Notes from an X Games scorecard

  • Everywhere you look, you see cameras. Not TV cameras, digitals and SLRs in the hands of almost every fan. Pictures at weddings and birthday parties are cold substitutes for experience. Pictures here are evidence, that what you saw -- what you couldn't believe as it was happening -- was real. Freestyle sports culture has always been about documentation. The athletes and aficionados have always known that their styles and tricks were carving out a kind of history, of a sport and an attitude, and they've long been setting that history down in pics and clips. The tradition continued here at Aspen this weekend.

  • Most requested X Games musical artist: Eminem. Close second: Beasties. Least expected tune: "Devil Went Down to Georgia," Charlie Daniels Band (the pick of Moto Xer "Cowboy" Kenny Bartram from Stillwater, Okla.). Close second: Johnny Cash's "Folsom Prison Blues" (playing, for reasons I can't explain, during the snowmobile HillCross heats Sunday).

  • From a distance, from the highway, the mountain is a snow globe, magical figures and flakes flying everywhere. Up close, in the crowd, things dart in and out of your field of vision, and you never get over the feeling that something spectacular is happening somewhere, and you're missing it.

  • Most important fashion element on display (and actually, it's usually hidden beneath a jacket): belts. Sequins are nice, camoflage works, but the coolest of the cool are sporting steel studs, like Maiden and Crue.

  • Crucial athlete technology: MP3s, IPods, and mini-disc players. Olympic gold medalist snow boarder Kelly Clark sits at the top of the run listening to Blink 182's "She's All Grown Up" and shouting the lyrics out loud in the moments before she drops in on a run.

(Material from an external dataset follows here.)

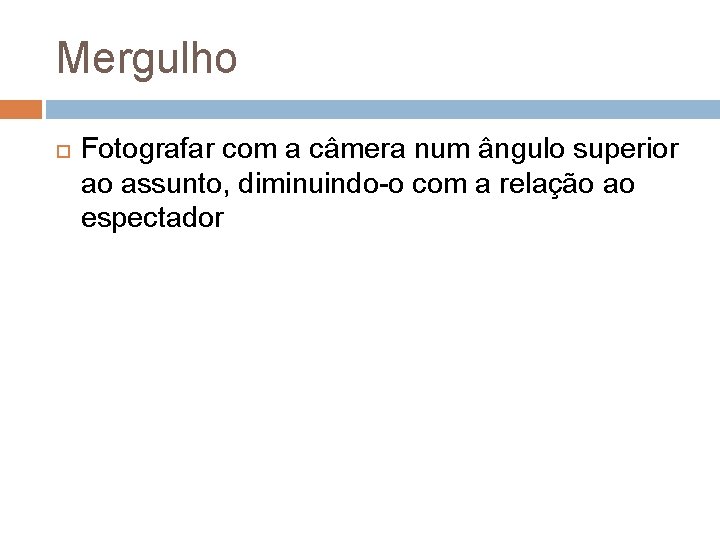 Mergulho Fotografar com a câmera num ângulo superior ao assunto, diminuindo-o com a relação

  • Surprise element: The judges of slopestyle talk to each other while they're deciding scores. Just like the judges for the Olympic pairs figure skating competition.

  • Words and phrases you might want to start working into your conversations around the office and the house (and if you don't know what they mean, by the way, you're encouraged to make up a definition): Squirrely, decky, sketchy, big air, blowin' up, stompin', throwin' down, stoked, bummed, go conservative and you get the knuckle, keepin' it smooth and styley, corked out, and caught up in the mashed potatoes.

  • Best phrase I heard to describe someone with a lead: "Justin Tate has checked out."

  • Color of the Games: Khakhi. Unless you look at the snowmobile venues, which look like the pits at a NASCAR race, all neon bright and matching.

  • Line you couldn't imagine hearing at any other sporting event: "Thanks for having me." -- Moto Xer Caleb Wyatt to the crowd, after he completed a clean back flip on his third try.

  • Two best signs of the games: "Craig Kelly is my co-pilot" (in memory of the snowboarding legend recently killed in an avalanche). "Make Snow Not War" (in memory of, you know, peace).

  • The only thing more crucial than trying really hard, is not trying at all.

  • There are two different X Games: The eat-my-ice speed and power of the snowmobile and motorcycle events, and the freaky-free-styley laidback cool and invention of SuperPipe and SlopeStyle. They come together on this point: you gots to have control, and, like Marvin, you got to give it up.

  • And lastly, if I don't make it home, look for me on the hillside on the way up to the slopestyle judging tower. I thought it would be good to be more than a tourist, to get up the hill and feel the ice beneath my feet. It's slippery up here. I'm on my backside, quivering in the wind. I can see the lights of the hotel in the distance.

    Eric Neel is a regular columnist for Page 2.